Recently, I listened to an interview
with Ashley Merryman, co-author of Nurture
Shock: New Thinking About Children. She
argues that we’ve raised a generation of trophy kids. They are rewarded not for excellence so much
as mere existence. One example: more money is spent on trophies by youth
soccer organizations nationwide than on coach training or equipment. Indeed, parents faced with little league
budget cuts more often choose to save money by playing fewer games than by
giving fewer trophies.
Some other highlights from Merryman’s interview:
- Kids know the difference between receiving a trophy and earning one… but they’re not sure adults do. Because adults praise them no matter their level of success, their authenticity is suspect over time.
- Students who are praised for their intelligence are often paralyzed by the threat of failure. If they fail, are they no longer intelligent? It’s in the best interest of such children to repeat successes (often beneath their ability level) and avoid challenges (often slightly outside their comfort zone).
- By contrast, students who are praised for hard work (a character trait over which they seem to have more control than intelligence or beauty) are often emboldened to attempt more. Hard work (and not success) becomes their defining characteristic – even though the first frequently leads to the second.
- Consider a parent confronting a child: “Did you break the vase, Mary?” Mary wants to please her mother. But answering “yes” admits failure. Answering “no” is lying. The question presents Mary no opportunity to make her parents happy. As an alternative, suggests Merryman, try: “It would please me to hear the truth about the broken vase.”

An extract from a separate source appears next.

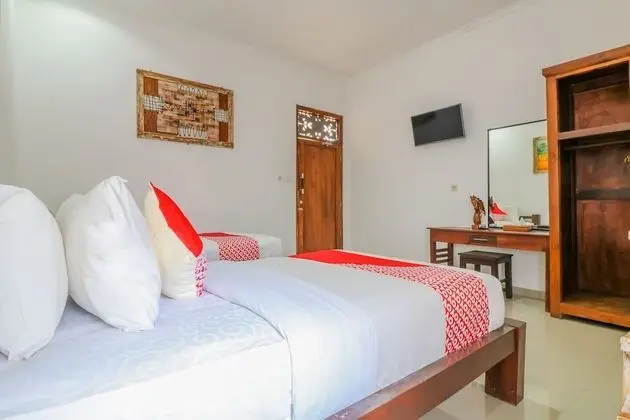 Deluxe İki Ayrı Yataklı Oda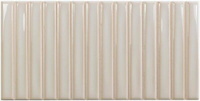 Плитка Wow Sweet Bars SB Deep White 12.5x25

- Parents of young children offer incessant praise, expecting the cold reality of criticism to kick in at a later time. They defer criticism to some future authority in the lives of their children. But grade inflation – and even workplace perks – suggest that an honest appraisal is simply not forthcoming.
I haven’t read the book, so I’m not necessarily coming out as
an advocate. The author did present her
case with well-reasoned research. And I’ve
taught (and parented) long enough to have encountered anecdotal support of my own.